July 4, 2014 by @candesscampbell

Communication between couples has evolved over the last decade. Often they actually negotiate their sexual desires with each other. Whether or not they come to a mutual conclusion is another story. Even television commercials poke fun at the difference in men and women’s libido and their desire for sex. Of course this is a general perspective and definitely there are women who are poking at their men too.

The scope of this article relates to committed relationships. Casual sexual relationships have a whole different dynamic that won’t be explored here. So let’s take an example.

 3It was an incredible night. Brandon and Emma celebrated their seven-year anniversary at Alinea, a modern Chicago restaurant with excellent reviews. Having had a busy week, they planned a quite evening together. As a law professor at Loyola, Emma worked long hours and at varied times during the week. Brandon traveled as an international broker and this left them juggling for relaxed time together.

After a delicious meal of king crab and scallops, with fine white wine, they walked along the lakefront in Lincoln Park, reflecting back on when they met. The first time in many years, they reminisced about their combined dreams. The night was perfect. The streets were unusually quiet as they visited a couple galleries and enjoyed the city lights. 

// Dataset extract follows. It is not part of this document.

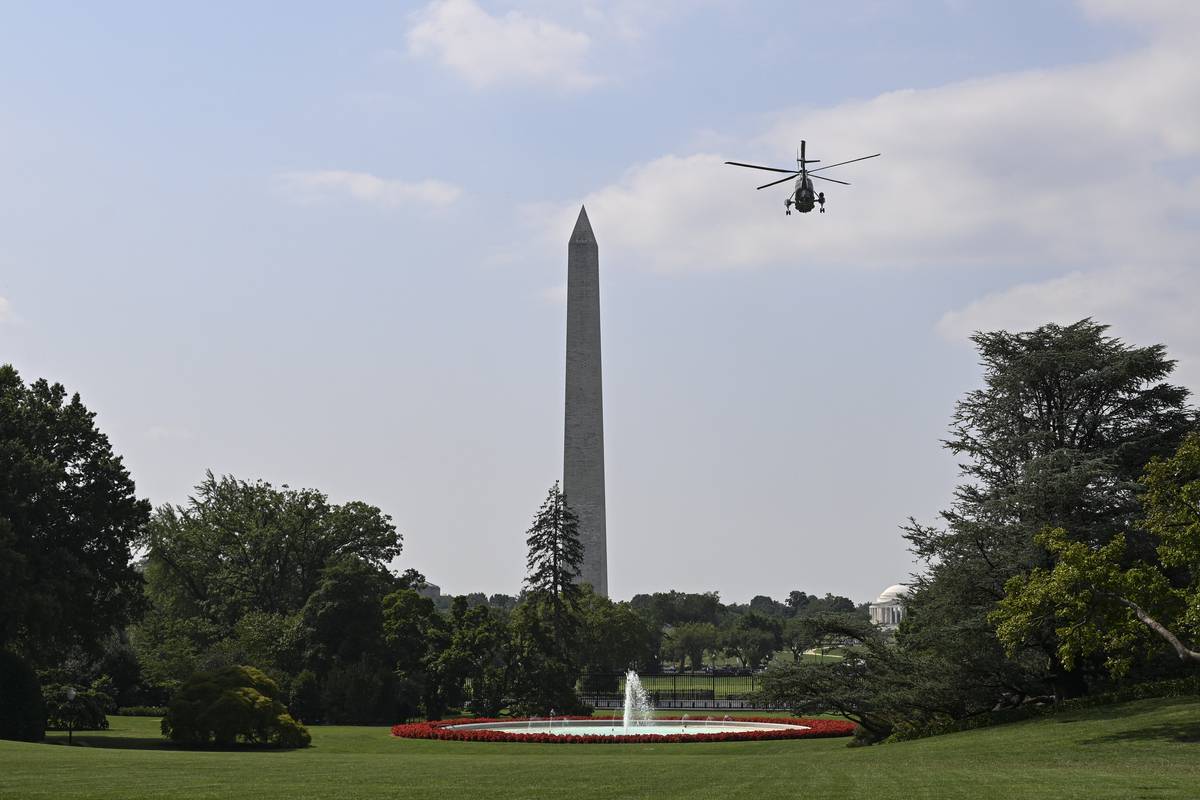 U.S. President Joe Biden departs from the White House for travel to Brunswick, Maine on July 28, 2023 in Washington, DC. United States [Celal Güneş - Anadolu Agency]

In the cab ride home they sat quietly enjoying the smell and the warmth of each other’s bodies. Emma felt content as she noticed they were breathing together as one. Once home, already having had a couple drinks, they moved directly into the bedroom. Intimacy had given way to work for the last few months, and they were finally at ease. They crawled into bed and she looked at him adoringly as she kissed him. She thanked him profusely for the wonderful evening. He began to kiss her passionately and his hands began to explore her curves. His expectation and hers collided.

She – had a wonderful night, hadn’t been intimate with him for a long time, has been stressed and busy at work, wants to close her eyes and experience the sensations of being in love and cuddle.

He – finally had time with his wife. Has not had sex with her for weeks. Planned this evening so they could finally be sexual again. Did all the right moves as far as planning goes and is ready to “finish the deal.”

Sound familiar?  We could change the names, city, careers, circumstances just like a fill in the blanks puzzle, but overall, internationally, the results are the same.

So, who compromises in the sexual arena and at what cost?  Her need and desire is for closeness, commitment, security and love. He desire is for a woman, Emma, who will be there for him, being sexual when he wants her to be, to share activities and the convenience of love.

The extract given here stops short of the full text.